WHAT IS EXPECTED: Line by line, copy out the entries exactly and leave the pictures behind.

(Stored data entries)
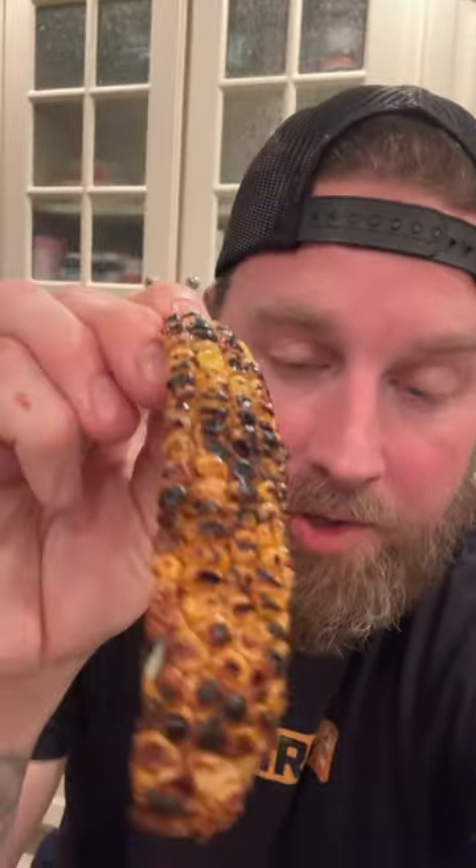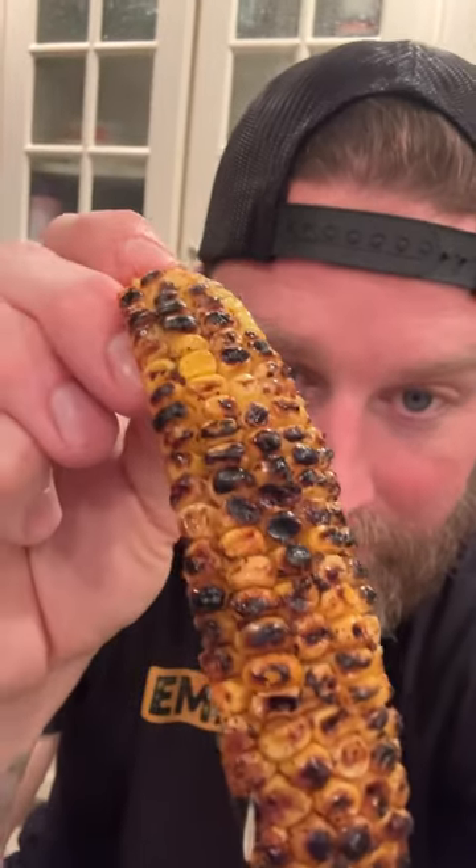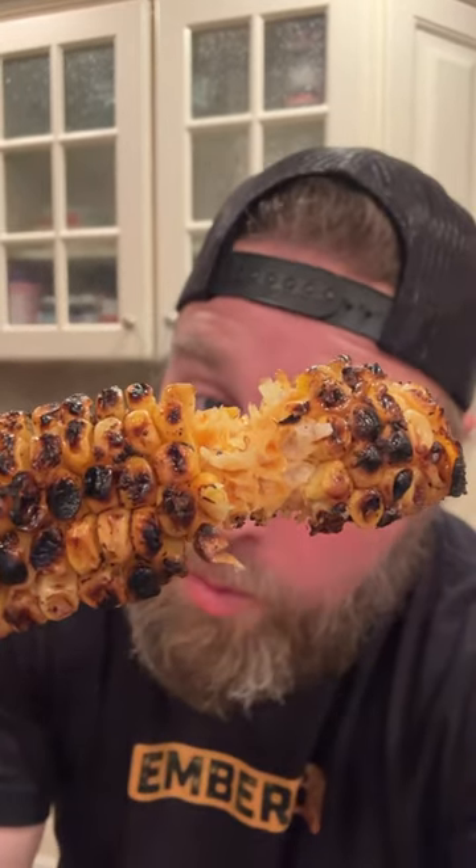Grilled these — that char is a game changer. These turned out really, really good. And I'm actually surprised how easy they are to eat. I was just like, why not put a whole corn cob on the grill? It doesn't make sense. I was wrong.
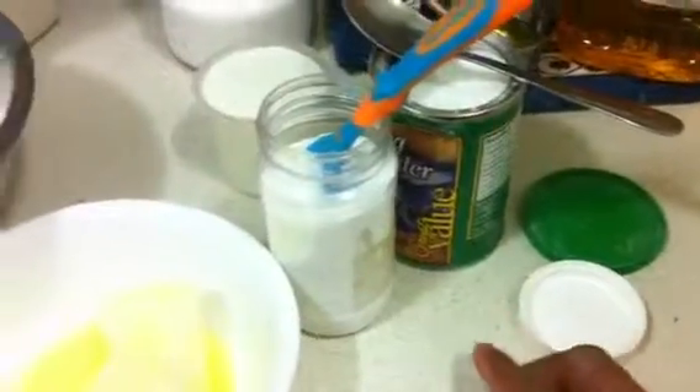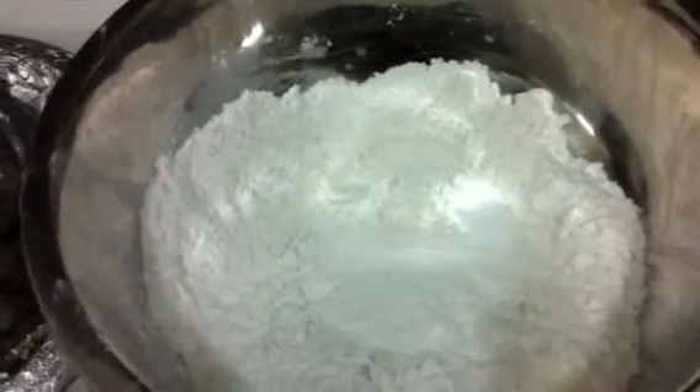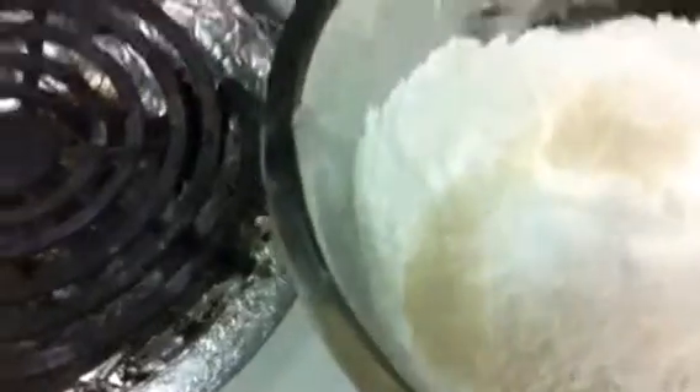We also need half a teaspoon of baking powder and half a teaspoon of baking soda. First, we have to mix all the dry ingredients: half a spoon of baking soda, half a spoon of baking powder, one tablespoon of salt, and a little bit of sugar. If you don't need sugar, you don't have to use it. Mix all the dry ingredients first.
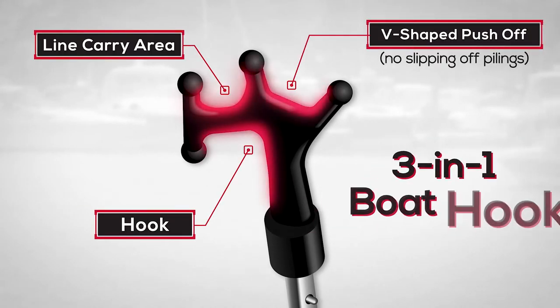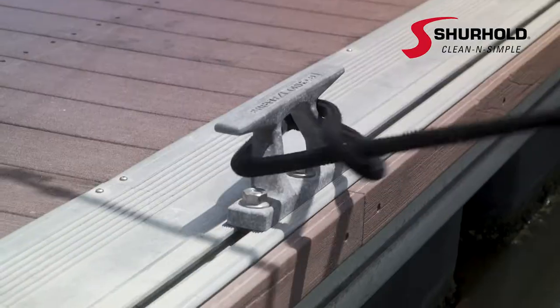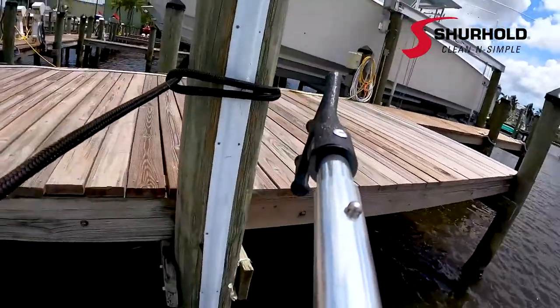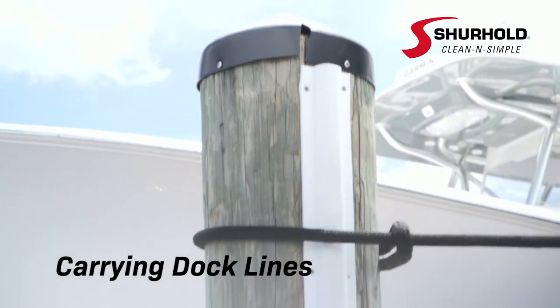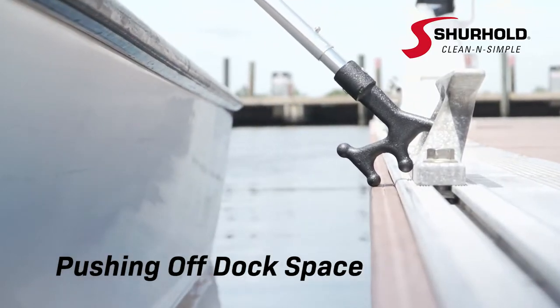The ultimate 3-in-1 Boat Hook from Surehold. Engineered to serve multiple purposes, this versatile 3-in-1 tool can be used as a traditional boat hook for docking and securing your vessel, for carrying a dock line to a pillar or cleat, for safely pushing off a dock space, and more.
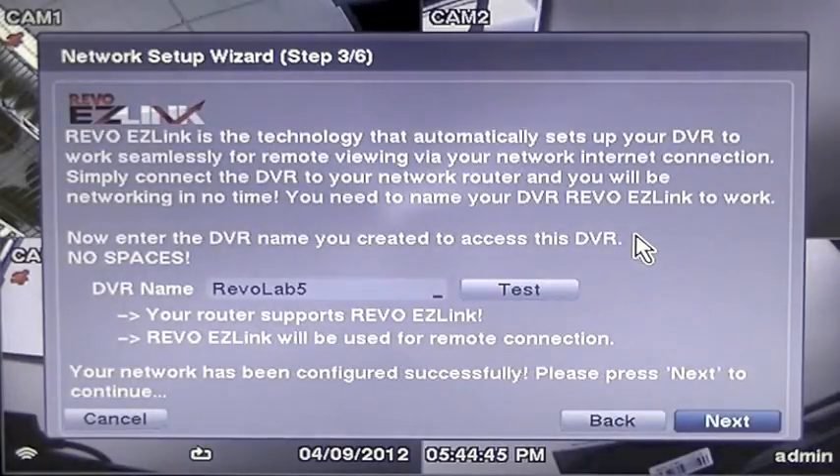Once the DVR name that you have chosen is approved to use, your DVR will advise you that your router supports Revo EasyLink and Revo EasyLink will be used for remote connection. Press Next to move forward.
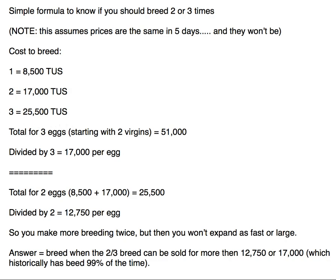The total for three eggs is 51,000. You divide that by three, which comes out to 17,000 per egg. The total for two eggs is 25,500 divided by two, which comes out to 12,750 per egg — quite a bit less on a per-egg basis if you only breed twice.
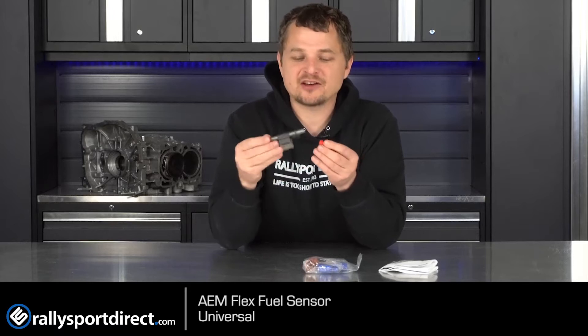How this works is these are dash 6 lines on here — fuel flows through here and it tells the ECU. Usually you have to have some sort of aftermarket option, whether that's an Accessport-type device or a standalone ECU, to really do anything with this. But it tells the ECU exactly how much ethanol content is in the fuel.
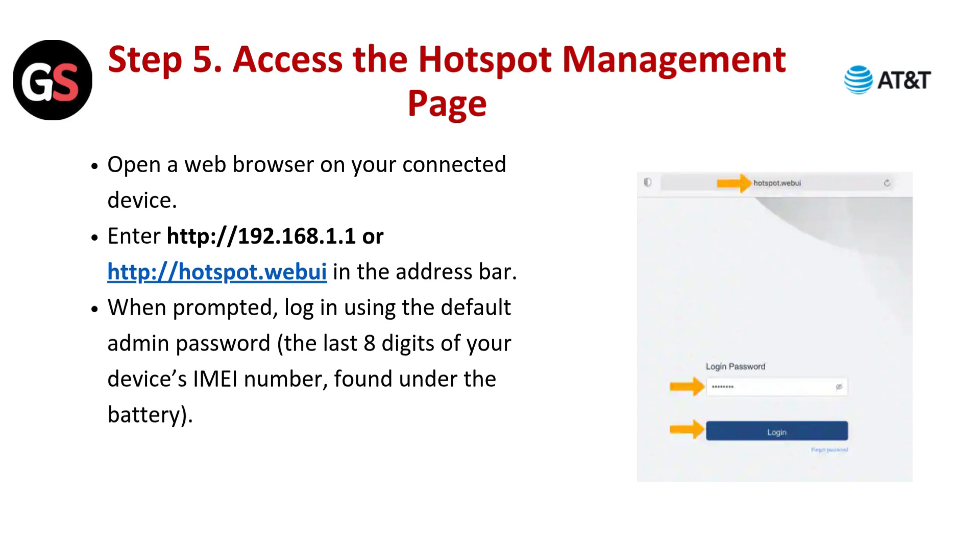Step 5: Access the hotspot management page. Open a web browser on your connected device. Enter http://192.168.1.1 or http://hotspot.webui in the address bar. When prompted, log in using the default admin password — the last 8 digits of your device's IMEI number, found under the battery.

EXERCISE ANSWER:
Grilled these — that char is a game changer. These turned out really, really good. And I'm actually surprised how easy they are to eat. I was just like, why not put a whole corn cob on the grill? It doesn't make sense. I was wrong.
We also need half a teaspoon of baking powder and half a teaspoon of baking soda. First, we have to mix all the dry ingredients: half a spoon of baking soda, half a spoon of baking powder, one tablespoon of salt, and a little bit of sugar. If you don't need sugar, you don't have to use it. Mix all the dry ingredients first.
The ultimate 3-in-1 Boat Hook from Surehold. Engineered to serve multiple purposes, this versatile 3-in-1 tool can be used as a traditional boat hook for docking and securing your vessel, for carrying a dock line to a pillar or cleat, for safely pushing off a dock space, and more.
Once the DVR name that you have chosen is approved to use, your DVR will advise you that your router supports Revo EasyLink and Revo EasyLink will be used for remote connection. Press Next to move forward.
The total for three eggs is 51,000. You divide that by three, which comes out to 17,000 per egg. The total for two eggs is 25,500 divided by two, which comes out to 12,750 per egg — quite a bit less on a per-egg basis if you only breed twice.
How this works is these are dash 6 lines on here — fuel flows through here and it tells the ECU. Usually you have to have some sort of aftermarket option, whether that's an Accessport-type device or a standalone ECU, to really do anything with this. But it tells the ECU exactly how much ethanol content is in the fuel.
Step 5: Access the hotspot management page. Open a web browser on your connected device. Enter http://192.168.1.1 or http://hotspot.webui in the address bar. When prompted, log in using the default admin password — the last 8 digits of your device's IMEI number, found under the battery.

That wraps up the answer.